A cavallo tra diversi decenni, due secoli e due millenni, incontrando e studiando oggetti della cultura di massa, quello di Marc Augé è uno sguardo resistente, proprio in nome della sua capacità di cogliere aspetti paradigmatici che sopravvivono alle mode, alla caducità strutturale che caratterizza i nonluoghi nell’epoca della loro affermazione globale. Senza assumere una prospettiva apocalittica né, meno che mai, integrata, Augé ha cercato e inventato gli strumenti e le parole per analizzare e sottoporre a critica alcuni dei fenomeni più cogenti del presente: la proliferazione di ambienti basati sulla tecnicizzazione delle forme di riconoscimento (gli aeroporti, i centri commerciali e tutti gli spazi basati sull’idea di contratto), la reificazione di mondi finzionali (Disneyland e la “disneyficazione” delle città) e l’affermazione di nuove paure paniche (per accumulo di eventi distinti e distanti). Come chi non si è mai tappato gli occhi – neppure di fronte a fenomeni e immagini che di certo non apprezzava –, Augé resta un riferimento per chiunque voglia confrontarsi con la complessità del contemporaneo.

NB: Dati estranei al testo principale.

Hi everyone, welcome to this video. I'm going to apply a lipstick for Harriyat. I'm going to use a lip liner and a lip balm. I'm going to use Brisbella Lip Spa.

«Chi saranno i resistenti?», si chiedeva a conclusione di uno dei suoi libri, forse quello più esplicitamente dedicato alle immagini. Saranno «tutti i creatori che, mantenendo bene o male la circolazione fra immaginario individuale, immaginario collettivo e finzione, non rinunceranno a provocare il miracolo dell’incontro. […] Insomma, tutti coloro che si preoccuperanno di costruire la modernità più che di cortocircuitarla» (ivi, pp. 122-123).

Riferimenti bibliografici 
M. Augé, Nonluoghi. Introduzione a una antropologia della surmodernità, tr. it., Elèuthera, Milano 1996.
Id., La guerra dei sogni: esercizi di etno-fiction, tr. it., Elèuthera, Milano 1998. 

Marc Augé, Poitiers 1935 – Poitiers 2023.